- [Exercise]:
Give back every entry below, unchanged.

- [Source data]:
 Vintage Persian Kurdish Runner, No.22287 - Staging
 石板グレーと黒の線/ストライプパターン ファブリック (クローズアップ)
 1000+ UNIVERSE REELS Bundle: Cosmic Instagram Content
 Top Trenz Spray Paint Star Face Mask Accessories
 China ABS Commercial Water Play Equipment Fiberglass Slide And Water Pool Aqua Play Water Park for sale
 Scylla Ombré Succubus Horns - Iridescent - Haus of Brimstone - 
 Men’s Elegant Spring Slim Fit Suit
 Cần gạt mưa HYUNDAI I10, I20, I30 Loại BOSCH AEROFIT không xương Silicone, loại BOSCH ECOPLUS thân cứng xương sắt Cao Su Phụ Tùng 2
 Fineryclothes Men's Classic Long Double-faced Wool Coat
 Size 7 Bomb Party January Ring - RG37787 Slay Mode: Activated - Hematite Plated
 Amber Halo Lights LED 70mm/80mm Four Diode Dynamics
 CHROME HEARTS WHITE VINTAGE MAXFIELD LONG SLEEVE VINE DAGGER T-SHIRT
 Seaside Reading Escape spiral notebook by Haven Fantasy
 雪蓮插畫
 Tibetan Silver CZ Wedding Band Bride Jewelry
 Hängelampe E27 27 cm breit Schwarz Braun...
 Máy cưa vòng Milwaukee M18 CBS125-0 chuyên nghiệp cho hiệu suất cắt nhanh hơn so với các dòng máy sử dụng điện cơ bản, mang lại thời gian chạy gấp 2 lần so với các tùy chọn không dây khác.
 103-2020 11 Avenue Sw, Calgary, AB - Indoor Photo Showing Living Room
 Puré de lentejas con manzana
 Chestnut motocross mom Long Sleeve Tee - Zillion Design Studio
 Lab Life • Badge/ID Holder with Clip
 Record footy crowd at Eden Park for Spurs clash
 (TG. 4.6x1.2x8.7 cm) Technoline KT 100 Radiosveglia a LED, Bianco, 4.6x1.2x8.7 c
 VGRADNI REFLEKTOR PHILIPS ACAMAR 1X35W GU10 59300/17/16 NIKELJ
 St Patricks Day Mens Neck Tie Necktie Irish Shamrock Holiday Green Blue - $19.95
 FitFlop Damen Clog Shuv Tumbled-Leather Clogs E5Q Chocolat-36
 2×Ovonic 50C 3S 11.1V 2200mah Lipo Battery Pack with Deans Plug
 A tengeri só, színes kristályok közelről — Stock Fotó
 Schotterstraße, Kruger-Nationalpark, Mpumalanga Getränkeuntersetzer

- [Written reply]:
 Vintage Persian Kurdish Runner, No.22287 - Staging
 石板グレーと黒の線/ストライプパターン ファブリック (クローズアップ)
 1000+ UNIVERSE REELS Bundle: Cosmic Instagram Content
 Top Trenz Spray Paint Star Face Mask Accessories
 China ABS Commercial Water Play Equipment Fiberglass Slide And Water Pool Aqua Play Water Park for sale
 Scylla Ombré Succubus Horns - Iridescent - Haus of Brimstone - 
 Men’s Elegant Spring Slim Fit Suit
 Cần gạt mưa HYUNDAI I10, I20, I30 Loại BOSCH AEROFIT không xương Silicone, loại BOSCH ECOPLUS thân cứng xương sắt Cao Su Phụ Tùng 2
 Fineryclothes Men's Classic Long Double-faced Wool Coat
 Size 7 Bomb Party January Ring - RG37787 Slay Mode: Activated - Hematite Plated
 Amber Halo Lights LED 70mm/80mm Four Diode Dynamics
 CHROME HEARTS WHITE VINTAGE MAXFIELD LONG SLEEVE VINE DAGGER T-SHIRT
 Seaside Reading Escape spiral notebook by Haven Fantasy
 雪蓮插畫
 Tibetan Silver CZ Wedding Band Bride Jewelry
 Hängelampe E27 27 cm breit Schwarz Braun...
 Máy cưa vòng Milwaukee M18 CBS125-0 chuyên nghiệp cho hiệu suất cắt nhanh hơn so với các dòng máy sử dụng điện cơ bản, mang lại thời gian chạy gấp 2 lần so với các tùy chọn không dây khác.
 103-2020 11 Avenue Sw, Calgary, AB - Indoor Photo Showing Living Room
 Puré de lentejas con manzana
 Chestnut motocross mom Long Sleeve Tee - Zillion Design Studio
 Lab Life • Badge/ID Holder with Clip
 Record footy crowd at Eden Park for Spurs clash
 (TG. 4.6x1.2x8.7 cm) Technoline KT 100 Radiosveglia a LED, Bianco, 4.6x1.2x8.7 c
 VGRADNI REFLEKTOR PHILIPS ACAMAR 1X35W GU10 59300/17/16 NIKELJ
 St Patricks Day Mens Neck Tie Necktie Irish Shamrock Holiday Green Blue - $19.95
 FitFlop Damen Clog Shuv Tumbled-Leather Clogs E5Q Chocolat-36
 2×Ovonic 50C 3S 11.1V 2200mah Lipo Battery Pack with Deans Plug
 A tengeri só, színes kristályok közelről — Stock Fotó
 Schotterstraße, Kruger-Nationalpark, Mpumalanga Getränkeuntersetzer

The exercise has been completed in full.